One is the method shown in the "model a boat hull" article: draw a couple of bezier curves and use soap/skin to warp a surface around them. The problem with this -- for me as a newbie CADista -- is that (a) the bezier curves while they "look boaty" do not conform to the actual shape of the hull in question, (b) the interpolated surface is hard to predict, (c) the relation of the two original curves in 3-space is a bit confusing to keep track of (d) the original curves need to be 3d, i.e. the "bend" in the line of the toerail is in two axes not just one. It might be better to make a Simple Generic Hull Shape and then use the FFD plugin to bend it this way and that to get closer to the actual lines, but when I tried this initially I found it difficult to get good (rather than amusing or grotesque) results. I'll try again. Practise, practise, practise
The other way to make a hull is to emulate trad wooden boat lofting. This means making a series of frames (vertical slices), lining them up properly, then using "skin" or equivalent to paint a hull around them. I think woodworker Dave Richards talks about using sections + skin to build up nice fair curved components like table legs. A standard wooden (or tradition rib-n-stringer steel) hull would have drawings detailing these sections or frames. But this is not how my boat was made, so I have no drawings for the sections. They could be inferred from careful measurement when hauled out, but...
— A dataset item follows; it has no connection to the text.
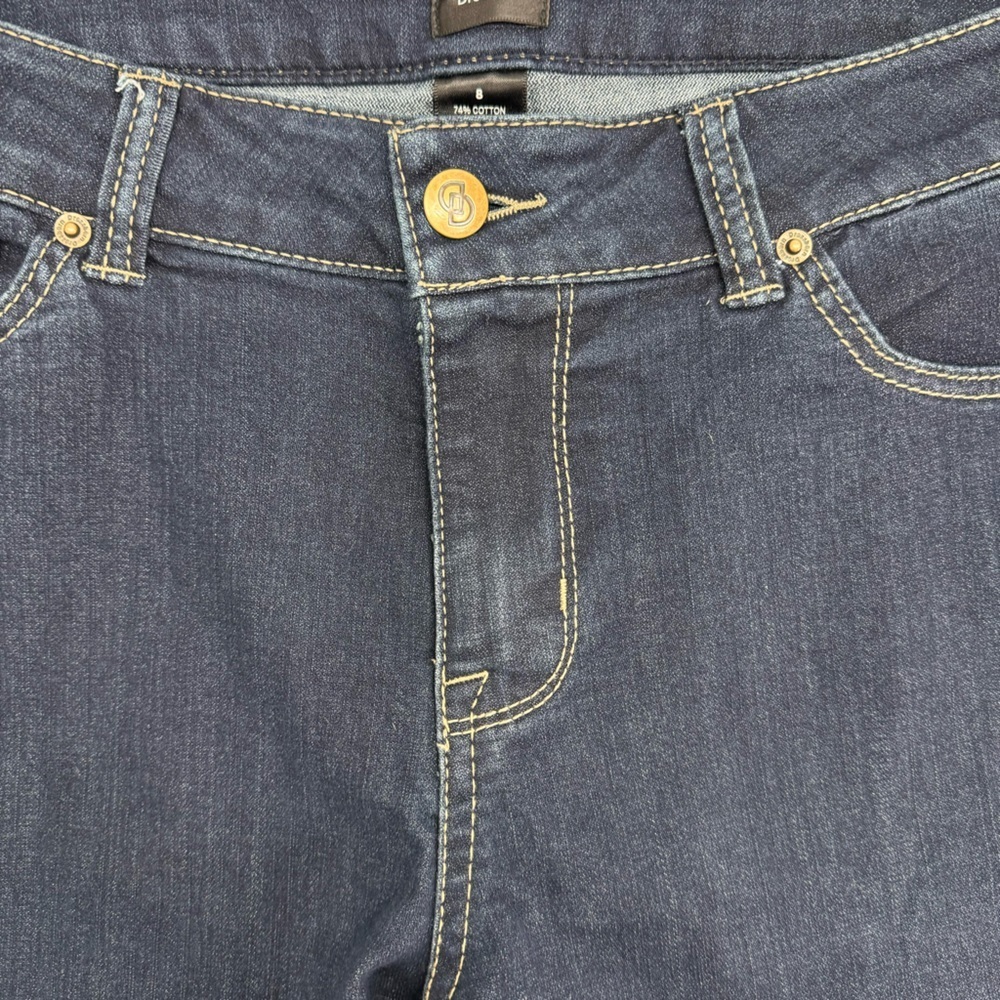 Dress Barn Slim Leg High Rise Dark Wash Denim Classic 5 Pocket Jeans Size 8 NEW - Picture 5 of 8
I guess one more possibility would be to "carve" a boat hull out of a solid: create a giant brick and then scoop away material along carefully drawn paths (using "follow me"? I have not really played with FM yet. It seems potentially powerful, but I'm not sure of its limitations). Alternatively, carve away a big solid with intersects, but either of these means shaping the "cutting tools" for subtractive modelling, which are just as complex as shaping the positive hull form. .
I include here several pics of the boat being hauled for maintenance a couple of years back, to show the complexity and compound curvature of the shapes involved.
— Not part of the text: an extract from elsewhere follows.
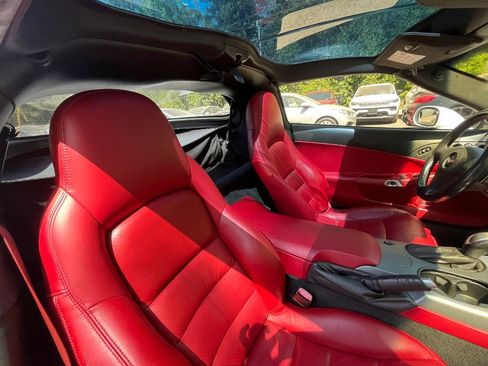 Used 2006 Chevrolet Corvette Coupe w/ Preferred Equipment Group RWD image 34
note the tumblehome at the transom, i.e. the way the hull sides curve back in towards centreline...
note the extreme sheer, i.e. the upward curve of deck line towards bow and stern away from a low point amidships...
the deck, btw, is also whalebacked (higher on centreline than at the rails, for obvious reasons). the cabin tops are rounded. there is not a flat surface to be seen, except for one bottom section of the hull (dory hulled, with a flat bottom in the region of the twin keels). you can see the hard chine line just above the keel.
the twin keels are vaguely foil shaped and not hard to model (I've already made an approximation of one. the flat dory bottom could be done with an intersect.
It's the very compound shape of the hull that vexes me. Probably the worst problem for a newbie to tackle (something like a cabin or house design, mostly rectilinear, would be a far easier target for a novice!)... but I am not remodelling a house, I'm working on boats so these nasty, curvy surfaces are what I actually need to deal with. If anyone's got a suggestion for how to model a close approximation of a real boat hull, one with specific measurements and shape, rather than an imaginary boat hull, I am all ears!
More pics of Taz under sail, for those who like boats. The sails present a whole other modelling problem
BTW, do smart modellers start from the smallest components and model "upwards", or start with large vague sketchy containers and then fill in detail "downwards"? My instinct is the latter, but for all I know that's stupid and I'll regret it later. Advice?